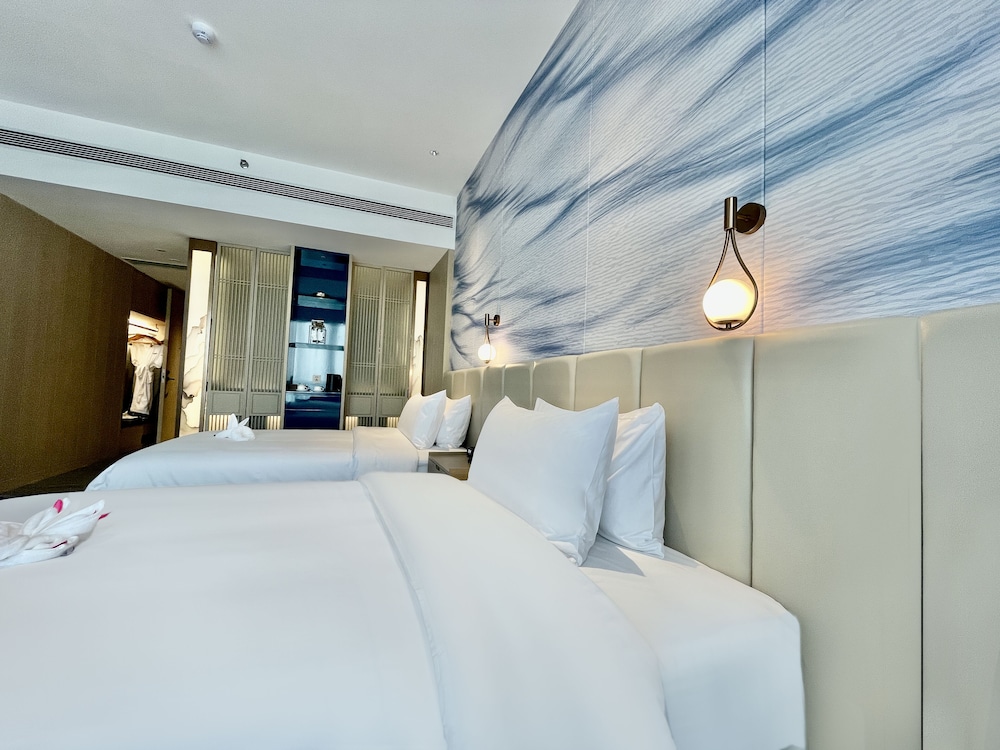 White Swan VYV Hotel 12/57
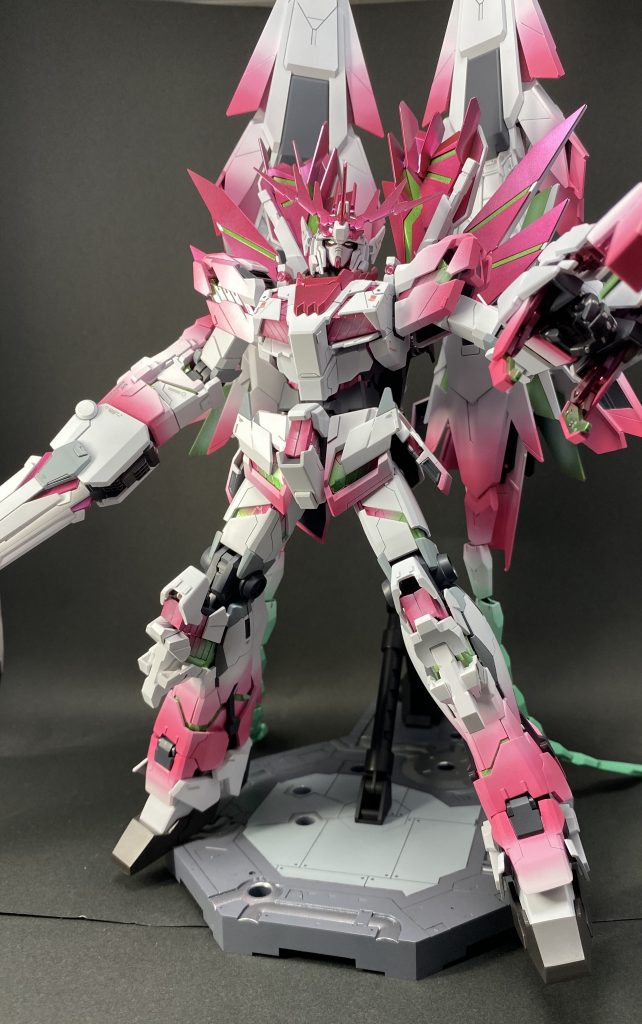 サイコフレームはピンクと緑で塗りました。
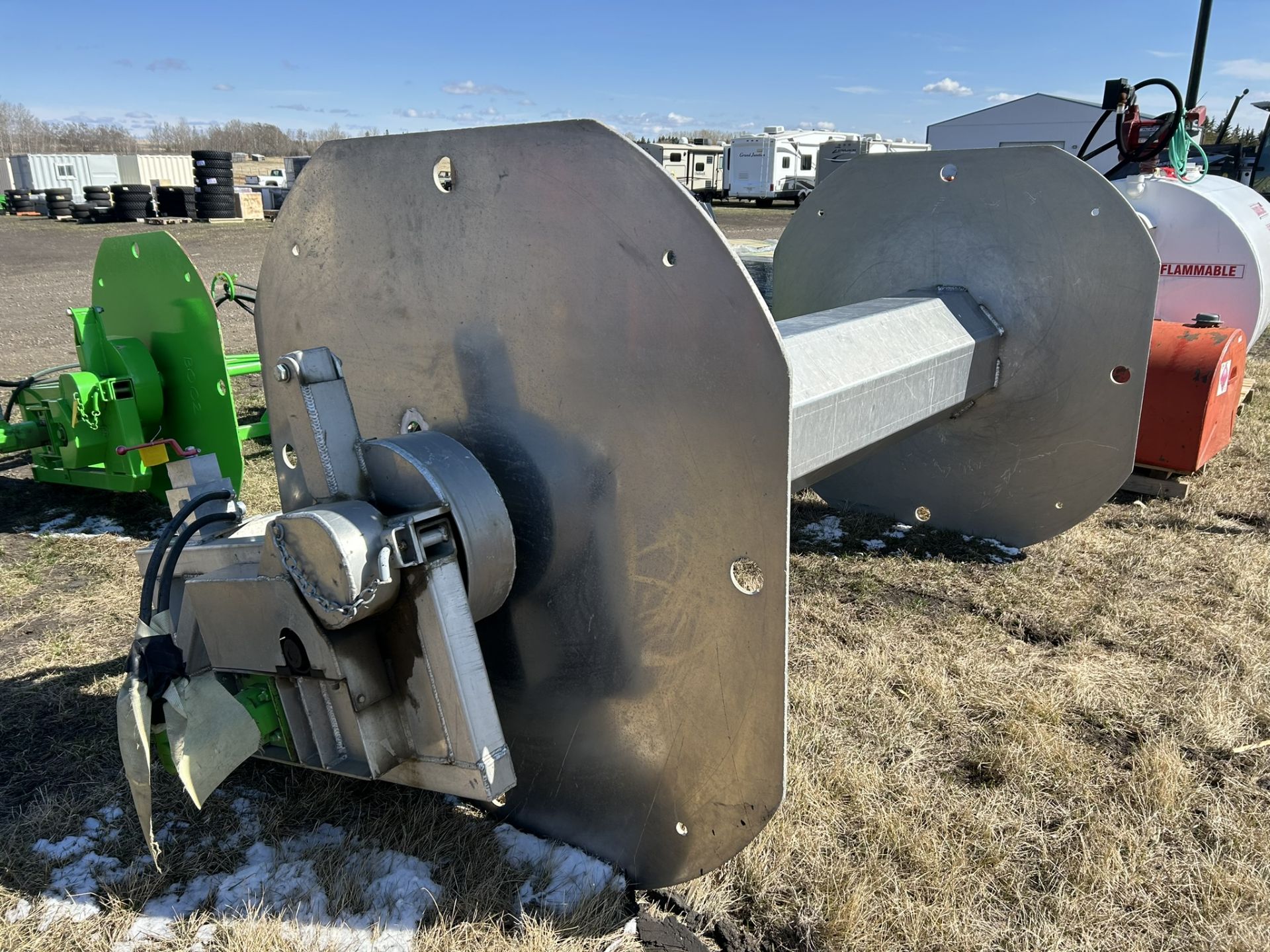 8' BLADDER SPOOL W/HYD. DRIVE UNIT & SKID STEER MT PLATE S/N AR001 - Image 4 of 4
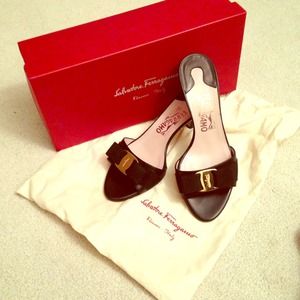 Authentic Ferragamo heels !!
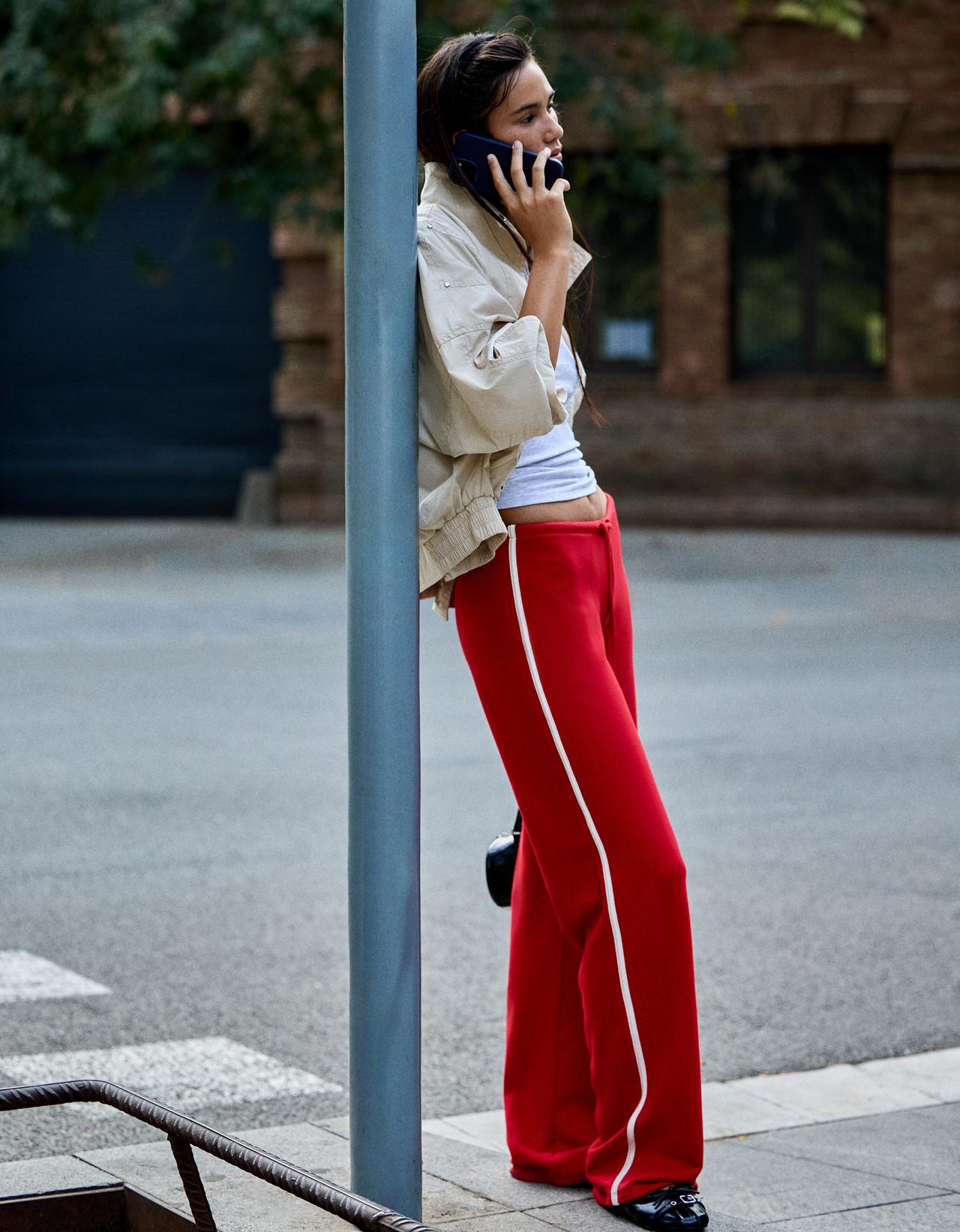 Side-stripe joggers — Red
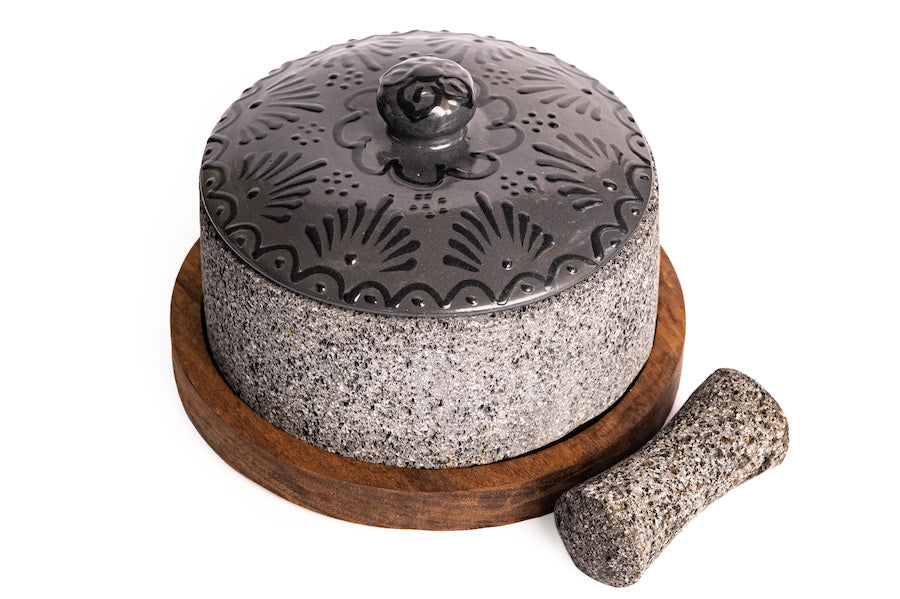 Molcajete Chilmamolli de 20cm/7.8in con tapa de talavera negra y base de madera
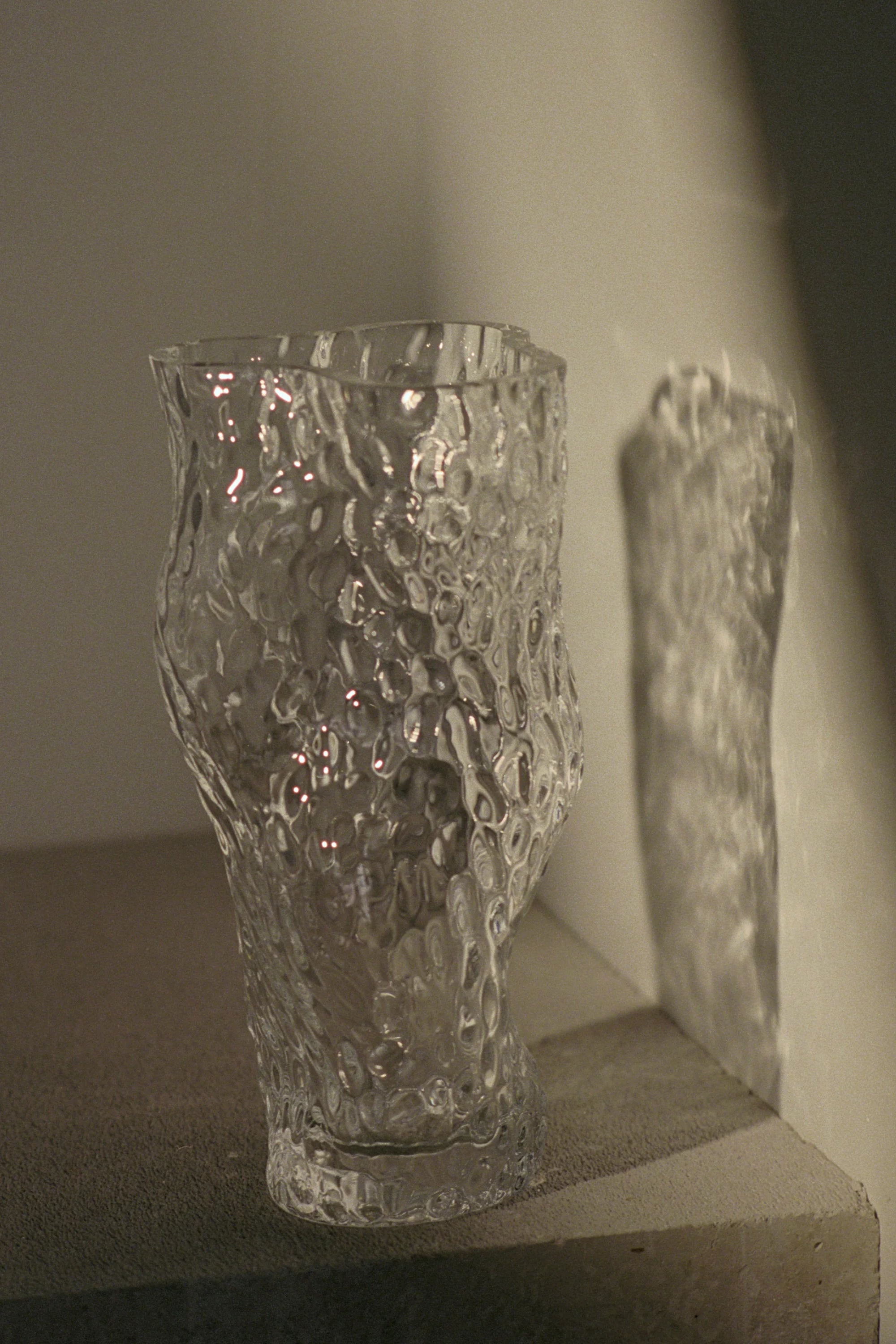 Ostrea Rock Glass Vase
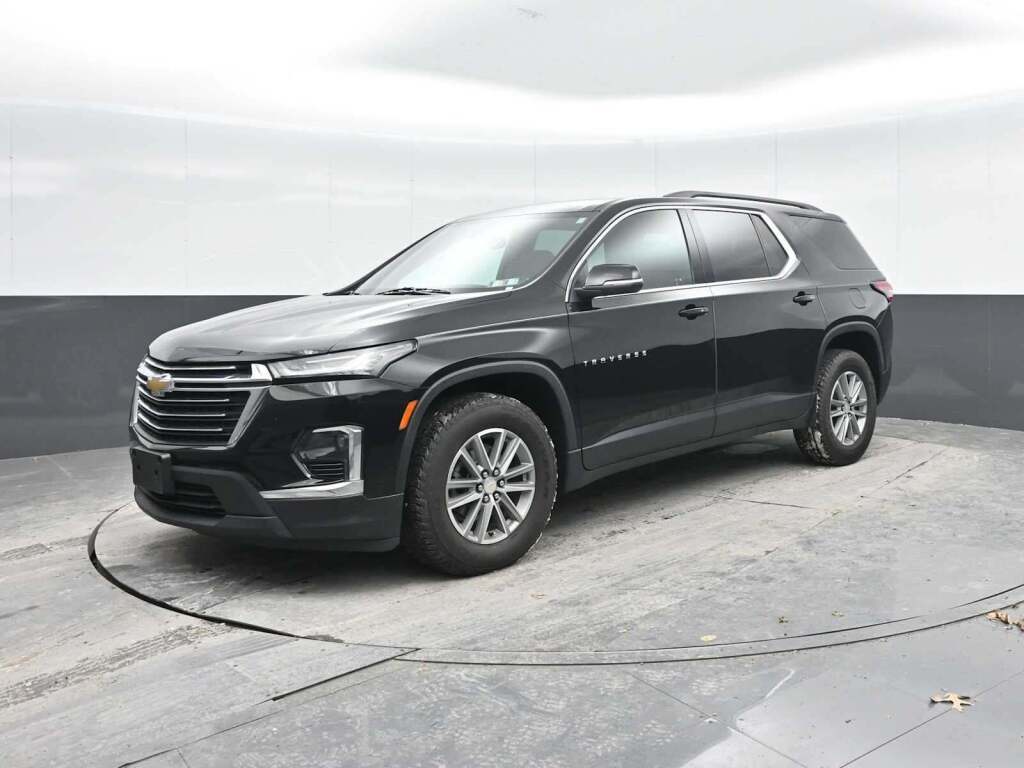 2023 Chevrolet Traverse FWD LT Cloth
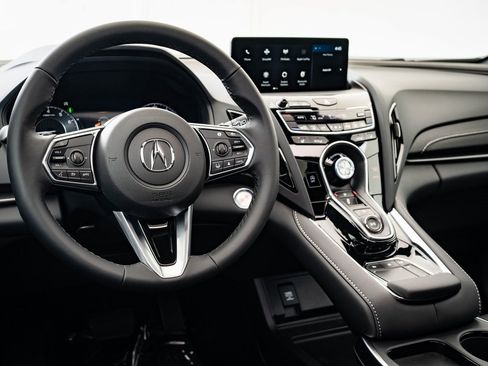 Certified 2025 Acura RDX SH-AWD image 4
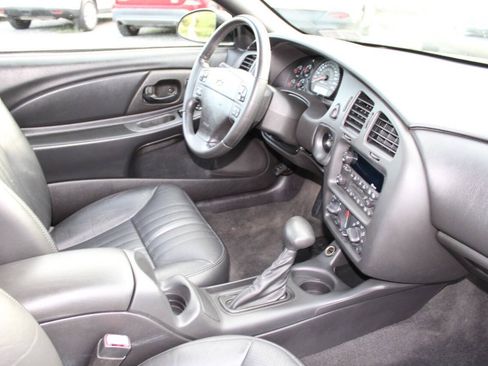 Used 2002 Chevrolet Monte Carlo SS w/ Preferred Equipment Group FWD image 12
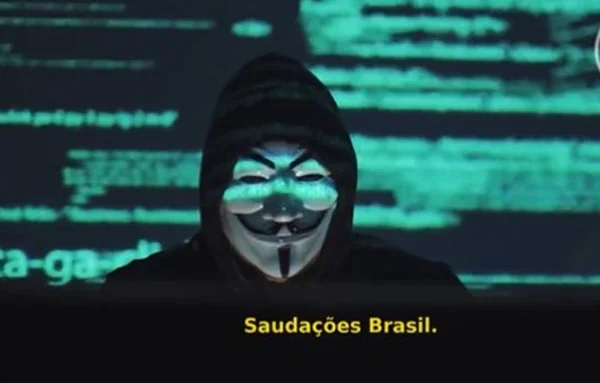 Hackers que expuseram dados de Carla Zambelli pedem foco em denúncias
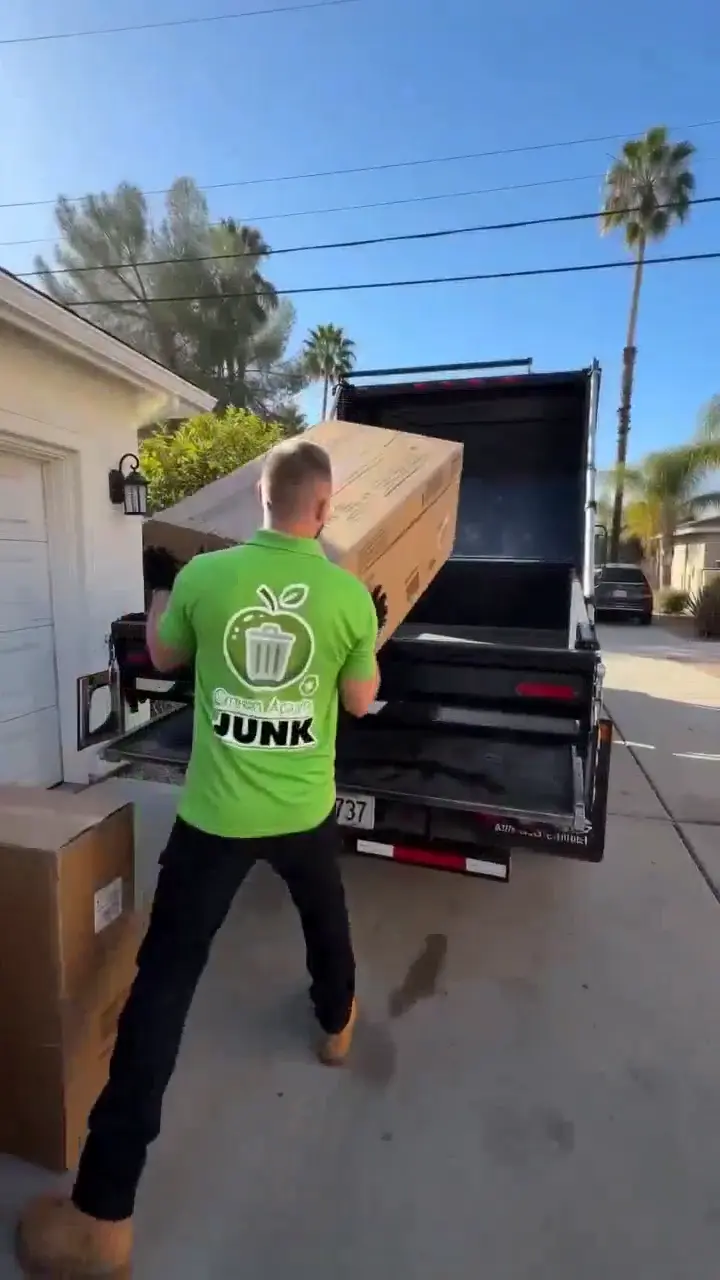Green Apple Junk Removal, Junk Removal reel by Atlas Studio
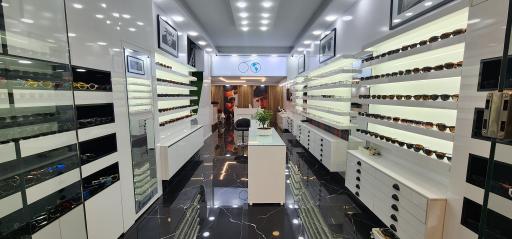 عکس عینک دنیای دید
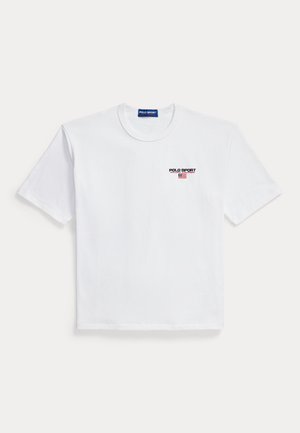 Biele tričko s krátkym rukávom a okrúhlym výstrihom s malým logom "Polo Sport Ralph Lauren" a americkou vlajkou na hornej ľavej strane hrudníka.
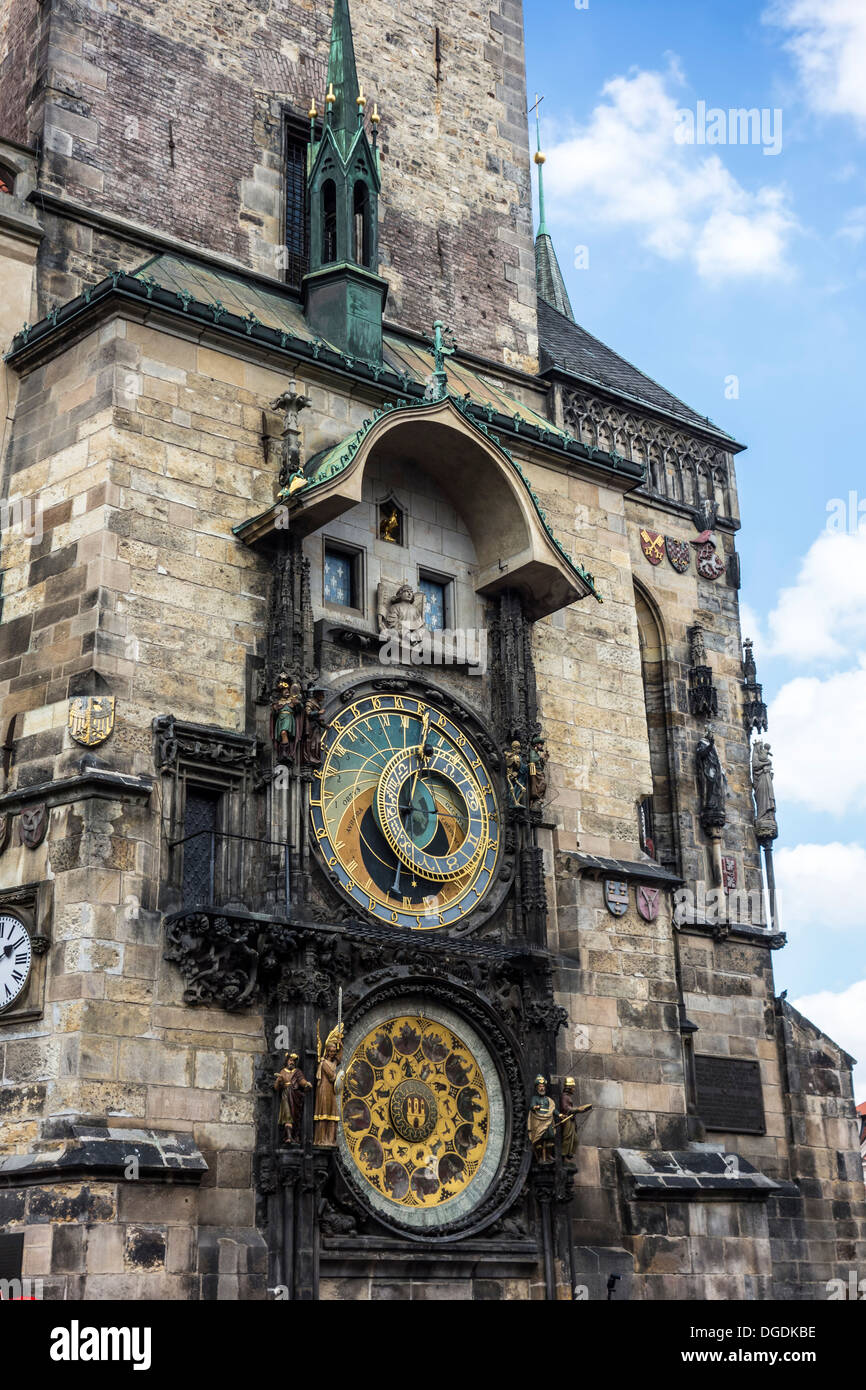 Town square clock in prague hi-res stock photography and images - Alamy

· · · · ·

_Exercise:_
The answer must be an exact copy of the lines from the start of the records above through the line containing "Certified 2025 Acura RDX SH-AWD image 4", with no pictures in it.

_Written response:_
 White Swan VYV Hotel 12/57
 サイコフレームはピンクと緑で塗りました。
 8' BLADDER SPOOL W/HYD. DRIVE UNIT & SKID STEER MT PLATE S/N AR001 - Image 4 of 4
 Authentic Ferragamo heels !!
 Side-stripe joggers — Red
 Molcajete Chilmamolli de 20cm/7.8in con tapa de talavera negra y base de madera
 Ostrea Rock Glass Vase
 2023 Chevrolet Traverse FWD LT Cloth
 Certified 2025 Acura RDX SH-AWD image 4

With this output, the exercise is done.